Today if I put on Oneness and listen to those tracks I remember that by then Deborah and I had gotten back on track and I was hanging with SK a lot more. Some of the music came from that, including “Silver Dreams Golden Smiles.” SK played guitar and sang on that one, and Clare Fischer did the string arrangements.
In 1981 Deborah agreed that we should both leave Sri—it was time to dust off our feet and get moving. We left our place in Queens late one night, leaving behind all our things, just like that. Later I heard that Sri was going to take my name back and told some disciples not to associate with us anymore because Deborah and I were going to drown in a sea of ignorance, which I didn’t like hearing because I didn’t want to back down from what made me go to him in the first place. I didn’t stop believing in the principles and the divinity and light within—but that was a dark thing to say.

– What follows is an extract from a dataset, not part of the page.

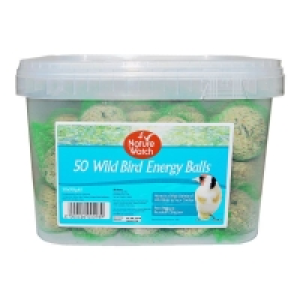 Extra Select Nets Nature Watch Fat Ball 50 Pack £5.99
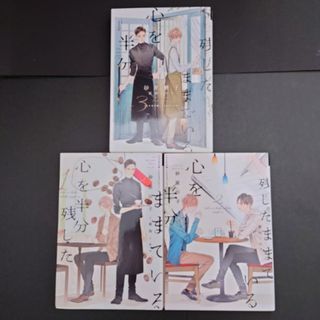 心を半分残したままでいる　全３巻完結　砂原糖子　ディアプラス文庫(ボーイズラブ(BL))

The Sri I knew would say things like, “When the power of love replaces the love of power, man will have a new name: God.” I’m not sure how it happened, but many people think Jimi Hendrix said that. He didn’t; that was Sri.
Sri helped me be more than just Santana the guitar player. He helped me get to a deeper awareness of my own light, a deeper awareness of my own connection with divinity and humanity and the invisible realm. It’s God, no matter what you call it, and he is beyond all praise. He doesn’t need a billboard—he doesn’t need us to worship and adore him. We need to honor and worship and work on ourselves, to crystallize our existence by discipline. That’s the most important thing I got from Sri, and I’m still guided by that principle.